***** DATA LISTING *****

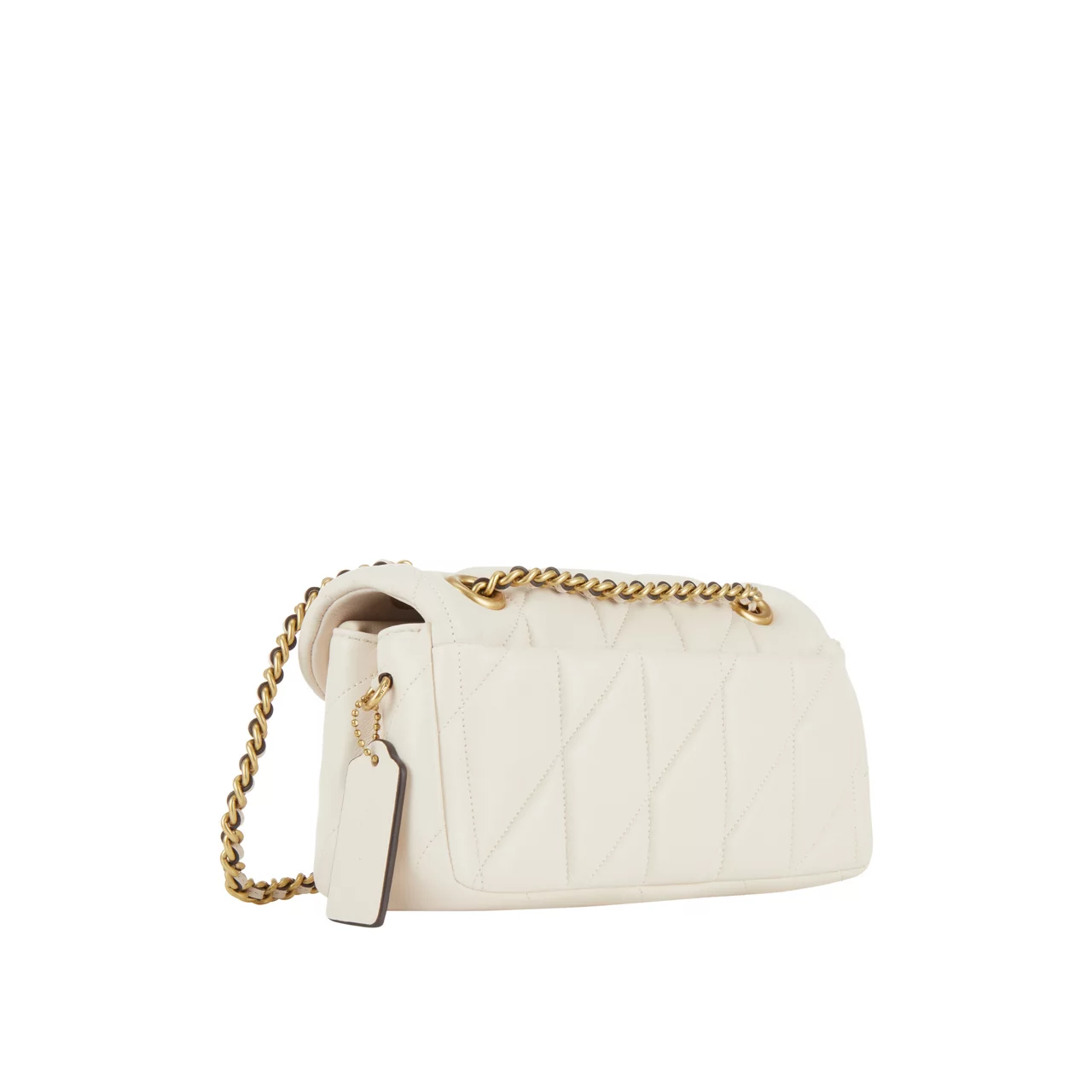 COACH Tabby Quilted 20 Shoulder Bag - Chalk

*****
***** DATA LISTING *****

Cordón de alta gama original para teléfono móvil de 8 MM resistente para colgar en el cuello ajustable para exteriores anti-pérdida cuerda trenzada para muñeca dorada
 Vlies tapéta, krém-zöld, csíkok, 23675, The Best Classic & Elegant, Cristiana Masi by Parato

*****

REQUIRED ACTION: Set down, from the entries above, exactly the lines from the one with "Cordón de alta" up to and including the one with "Vlies tapéta, krém-zöld, csíkok, 23675, The", and no other lines.

EXERCISE ANSWER:
Cordón de alta gama original para teléfono móvil de 8 MM resistente para colgar en el cuello ajustable para exteriores anti-pérdida cuerda trenzada para muñeca dorada
 Vlies tapéta, krém-zöld, csíkok, 23675, The Best Classic & Elegant, Cristiana Masi by Parato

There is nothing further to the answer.